I checked the code related to the rematrix_maxval setting in libswresample/rematrix.c (shown below), we can see if rematrix_maxval is not manually set, it will be treated differently based on the input and output sample formats, basically for s16 as either the input or output sample format, rematrix_maxval will be set to 1, which will affect the matrix params used in the later rematrix process, essentially attenuates the coefficients used for downmixing and cause volume attenuation as a result.

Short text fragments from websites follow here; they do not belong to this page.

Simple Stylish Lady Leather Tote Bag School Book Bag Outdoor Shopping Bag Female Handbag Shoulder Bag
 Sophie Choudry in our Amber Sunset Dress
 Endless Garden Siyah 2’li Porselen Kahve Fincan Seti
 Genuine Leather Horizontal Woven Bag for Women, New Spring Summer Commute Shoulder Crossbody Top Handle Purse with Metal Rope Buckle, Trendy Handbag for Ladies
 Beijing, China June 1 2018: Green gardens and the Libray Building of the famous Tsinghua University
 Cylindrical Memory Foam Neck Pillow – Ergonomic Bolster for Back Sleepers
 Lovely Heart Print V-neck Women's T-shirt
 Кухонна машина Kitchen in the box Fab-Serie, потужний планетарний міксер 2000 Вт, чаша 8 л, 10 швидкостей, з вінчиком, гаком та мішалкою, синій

My confusion is that why we have to check the output sample format and adjust this rematrix_maxval accordingly before dowxmixing, it looks to me that only the input sample format will affect the rematrix/downmix process, because rematrix/downmix will operate on the input data the same way regardless of the output sample format. If I am right, we may need to remove the av_get_packed_sample_fmt(s->out_sample_fmt) < AV_SAMPLE_FMT_FLT check in the fowlloing code (If this is correct, I may send a pull request later):
av_cold static int auto_matrix(SwrContext *s) { double maxval; int ret; if (s->rematrix_maxval > 0) { maxval = s->rematrix_maxval; } else if ( av_get_packed_sample_fmt(s->out_sample_fmt) < AV_SAMPLE_FMT_FLT || av_get_packed_sample_fmt(s->int_sample_fmt) < AV_SAMPLE_FMT_FLT) { maxval = 1.0; } else maxval = INT_MAX; ... } av_cold int swr_build_matrix(uint64_t in_ch_layout_param, uint64_t out_ch_layout_param, double center_mix_level, double surround_mix_level, double lfe_mix_level, double maxval, double rematrix_volume, double *matrix_param, int stride, enum AVMatrixEncoding matrix_encoding, void *log_context) { ... if(maxcoef > maxval || rematrix_volume < 0){ maxcoef /= maxval; for(i=0; i<SWR_CH_MAX; i++) for(j=0; j<SWR_CH_MAX; j++){ matrix_param[stride*i + j] /= maxcoef; } } .... }